Les Bénédictins se mirent immédiatement à l'œuvre. Au mois de septembre 1784, ils jetèrent les fondements du pavillon de pierre qu'on voit dans la cour du collége, et qui était destiné à former l'entrée du nouveau prieuré ; à la fin de janvier 1785, on commença la démolition des anciens bâtiments, et au mois d'avril de la même année on posa la première pierre, à son de cloches et en présence de tous les ouvriers. Le prieur, revêtu de l'aube et de l'étole, et assisté des religieux au nombre de quatre, présida à la cérémonie. Pour perpétuer la mémoire de cet événement, on plaça à l'angle gauche du pavillon l'inscription suivante, gravée sur une plaque de plomb :

CUM PRIOR ESSET D. JOANNES FRANCISCUS BERTRAND, ET PROCURATOR D. LUD. FRAN. DESPINAY, D.D.D. GUILLEMUS COUPIGNI, JOAN. FRAN. GAUTIER, AMATUS GELIN, HUJUSCE MONASTERII MANSIONARII ; FUNDAMENTA HUJUSCE DOMUS DE NOVO JESSIT JOAN. BAPT. BERNARDUS MAINTENAY, AN. 1785.

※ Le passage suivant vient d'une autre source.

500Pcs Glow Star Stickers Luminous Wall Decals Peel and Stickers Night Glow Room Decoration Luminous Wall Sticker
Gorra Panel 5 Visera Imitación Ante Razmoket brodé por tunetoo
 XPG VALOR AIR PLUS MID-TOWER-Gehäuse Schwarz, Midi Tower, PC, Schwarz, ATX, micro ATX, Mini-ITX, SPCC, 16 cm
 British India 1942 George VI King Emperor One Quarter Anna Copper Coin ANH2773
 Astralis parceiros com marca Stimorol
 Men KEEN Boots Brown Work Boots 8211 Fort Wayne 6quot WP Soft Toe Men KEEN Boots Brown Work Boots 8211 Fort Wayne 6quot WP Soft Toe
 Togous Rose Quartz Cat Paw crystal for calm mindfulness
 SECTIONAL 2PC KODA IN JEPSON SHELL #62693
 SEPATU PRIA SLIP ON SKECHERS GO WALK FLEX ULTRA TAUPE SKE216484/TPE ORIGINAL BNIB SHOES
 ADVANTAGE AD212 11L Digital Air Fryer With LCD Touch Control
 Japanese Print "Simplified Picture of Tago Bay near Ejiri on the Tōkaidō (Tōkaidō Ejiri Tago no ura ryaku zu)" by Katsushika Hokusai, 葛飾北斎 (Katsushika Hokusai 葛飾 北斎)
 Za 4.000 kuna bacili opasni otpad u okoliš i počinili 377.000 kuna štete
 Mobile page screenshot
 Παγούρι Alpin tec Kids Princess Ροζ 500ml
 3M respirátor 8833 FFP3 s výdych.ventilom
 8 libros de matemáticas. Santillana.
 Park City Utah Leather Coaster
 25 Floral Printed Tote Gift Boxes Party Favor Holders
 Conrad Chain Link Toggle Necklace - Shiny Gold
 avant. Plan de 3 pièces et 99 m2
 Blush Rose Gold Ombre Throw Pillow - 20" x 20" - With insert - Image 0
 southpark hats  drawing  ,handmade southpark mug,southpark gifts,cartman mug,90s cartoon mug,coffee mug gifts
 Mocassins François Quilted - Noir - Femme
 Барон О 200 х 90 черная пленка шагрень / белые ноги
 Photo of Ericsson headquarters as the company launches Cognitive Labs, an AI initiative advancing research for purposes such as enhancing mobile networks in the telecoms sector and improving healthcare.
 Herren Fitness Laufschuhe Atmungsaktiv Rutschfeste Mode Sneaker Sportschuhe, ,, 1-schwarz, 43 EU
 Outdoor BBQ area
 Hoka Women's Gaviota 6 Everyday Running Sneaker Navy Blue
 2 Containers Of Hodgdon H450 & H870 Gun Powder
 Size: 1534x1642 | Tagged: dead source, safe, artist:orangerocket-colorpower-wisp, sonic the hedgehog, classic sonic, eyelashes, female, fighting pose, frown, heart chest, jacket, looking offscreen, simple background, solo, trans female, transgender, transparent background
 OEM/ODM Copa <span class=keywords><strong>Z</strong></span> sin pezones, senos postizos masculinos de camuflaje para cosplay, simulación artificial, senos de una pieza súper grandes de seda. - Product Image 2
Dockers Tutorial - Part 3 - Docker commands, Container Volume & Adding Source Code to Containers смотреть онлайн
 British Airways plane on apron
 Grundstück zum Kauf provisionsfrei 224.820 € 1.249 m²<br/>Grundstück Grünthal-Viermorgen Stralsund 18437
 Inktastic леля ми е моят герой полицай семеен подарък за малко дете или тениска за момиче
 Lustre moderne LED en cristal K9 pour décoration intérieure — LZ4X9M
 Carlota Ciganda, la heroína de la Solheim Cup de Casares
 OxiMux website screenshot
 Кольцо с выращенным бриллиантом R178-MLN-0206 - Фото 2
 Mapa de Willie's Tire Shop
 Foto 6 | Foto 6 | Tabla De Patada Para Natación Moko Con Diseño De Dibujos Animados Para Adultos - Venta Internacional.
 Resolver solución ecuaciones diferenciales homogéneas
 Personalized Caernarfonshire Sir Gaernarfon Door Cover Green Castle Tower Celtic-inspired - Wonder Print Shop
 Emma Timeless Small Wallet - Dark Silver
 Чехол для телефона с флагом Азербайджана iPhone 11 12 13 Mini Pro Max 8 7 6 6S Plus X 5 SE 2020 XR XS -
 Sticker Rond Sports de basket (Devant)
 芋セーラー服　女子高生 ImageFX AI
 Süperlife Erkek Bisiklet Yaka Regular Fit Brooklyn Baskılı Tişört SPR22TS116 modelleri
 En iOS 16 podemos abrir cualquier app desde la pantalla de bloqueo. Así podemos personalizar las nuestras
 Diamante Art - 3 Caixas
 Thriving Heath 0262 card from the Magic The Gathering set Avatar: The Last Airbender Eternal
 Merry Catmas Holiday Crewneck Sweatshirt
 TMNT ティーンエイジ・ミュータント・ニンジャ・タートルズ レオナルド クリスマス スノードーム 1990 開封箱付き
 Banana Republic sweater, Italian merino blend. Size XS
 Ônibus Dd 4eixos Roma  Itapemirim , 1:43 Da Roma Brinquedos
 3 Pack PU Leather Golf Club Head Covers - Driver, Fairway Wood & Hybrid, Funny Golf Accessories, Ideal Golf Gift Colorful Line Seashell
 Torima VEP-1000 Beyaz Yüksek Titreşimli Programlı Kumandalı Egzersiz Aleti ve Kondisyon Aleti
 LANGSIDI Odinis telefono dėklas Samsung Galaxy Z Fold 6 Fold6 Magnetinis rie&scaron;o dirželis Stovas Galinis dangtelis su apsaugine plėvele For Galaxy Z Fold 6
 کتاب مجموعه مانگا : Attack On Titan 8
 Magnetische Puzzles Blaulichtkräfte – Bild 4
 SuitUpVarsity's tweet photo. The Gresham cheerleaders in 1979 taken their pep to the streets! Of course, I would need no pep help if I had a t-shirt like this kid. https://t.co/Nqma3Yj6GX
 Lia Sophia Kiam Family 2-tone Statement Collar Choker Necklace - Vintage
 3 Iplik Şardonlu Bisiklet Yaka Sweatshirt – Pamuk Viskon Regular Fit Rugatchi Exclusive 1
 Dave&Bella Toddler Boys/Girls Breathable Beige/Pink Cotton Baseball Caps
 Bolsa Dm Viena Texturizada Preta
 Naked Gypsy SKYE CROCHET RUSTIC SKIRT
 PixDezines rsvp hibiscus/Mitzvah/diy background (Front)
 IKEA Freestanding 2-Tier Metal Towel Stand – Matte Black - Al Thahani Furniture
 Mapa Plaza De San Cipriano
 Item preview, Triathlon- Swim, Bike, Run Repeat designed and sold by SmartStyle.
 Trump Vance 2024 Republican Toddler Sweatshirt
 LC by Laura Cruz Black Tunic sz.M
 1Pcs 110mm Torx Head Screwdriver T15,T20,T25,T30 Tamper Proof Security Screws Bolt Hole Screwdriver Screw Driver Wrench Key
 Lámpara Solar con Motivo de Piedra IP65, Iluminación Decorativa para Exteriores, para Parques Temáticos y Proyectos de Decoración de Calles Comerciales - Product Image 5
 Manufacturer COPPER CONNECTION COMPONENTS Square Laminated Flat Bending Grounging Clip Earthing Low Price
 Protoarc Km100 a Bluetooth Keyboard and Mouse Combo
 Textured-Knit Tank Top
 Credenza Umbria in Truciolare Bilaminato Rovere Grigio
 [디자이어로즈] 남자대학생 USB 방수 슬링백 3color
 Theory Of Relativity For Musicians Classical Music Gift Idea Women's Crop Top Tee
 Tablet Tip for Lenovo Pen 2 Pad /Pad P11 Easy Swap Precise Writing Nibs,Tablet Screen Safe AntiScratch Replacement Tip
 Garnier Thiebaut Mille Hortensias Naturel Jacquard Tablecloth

Les travaux continuèrent sans interruption jusqu'en 1790, sous la surveillance du procureur D. Despinay, et près de 80,000 liv. avaient déjà été dépensées lorsque la suppression des couvents vint arrêter la reconstruction. Les Bénédictins n'étaient pas encore installés dans le nouveau bâtiment quand ils durent quitter le pays.

Le prieuré est solidement construit de brique et pierre : la façade principale, qui regarde le nord, a cent trente-neuf pieds de long ; elle est élevée d'un étage et percée de quatorze fenêtres rectangulaires ; le milieu de cette façade tout de pierre présente une légère saillie comprenant quatre fenêtres accompagnées de pilastres toscans, et couronnées par un fronton triangulaire où se développait un écusson armorié que l'on fit sauter à la Révolution ; ce fronton, sans faire une saillie très en relief, rompt cependant l'uniformité de la façade, qui n'a aucun ornement apparent. Sur la cour, le bâtiment est terminé par un pavillon formant avant-corps ; la façade méridionale est de pierre et percée au rez-de-chaussée de deux fenêtres et d'une porte cintrée, flanquée de deux pilastres de mauvais goût, qui donne accès dans le cloître. Au premier étage, une large fenêtre garnie d'un balcon surmonte la porte d'entrée ; elle est ornée de deux pilastres corinthiens faisant une légère saillie ; une fenêtre pratiquée de chaque côté correspond à celle du rez-de-chaussée. Un fronton triangulaire domine ce pavillon, qui produit un assez bon effet, bien qu'il manque un peu d'élévation. Le cloître était à jour ; il a été fermé depuis que la maison est convertie en pensionnat. L'esplanade du Prieuré ayant été relevée pour en faire une citadelle et ensuite une promenade, le couvent se trouva enterré ; on n'a pas remédié à cet inconvénient, et le collége est, au midi, plus bas que le terrain environnant.

Un bâtiment de quatre-vingts pieds de long sur seize de large, à l'usage d'écurie, de remises et autres dépendances, complétait l'ensemble du monastère. Pendant la Révolution, le prieuré servit de lieu d'assemblée au directoire du district et de caserne de gendarmerie ; en 1804, il fut transformé en collége, et c'est encore sa destination actuelle.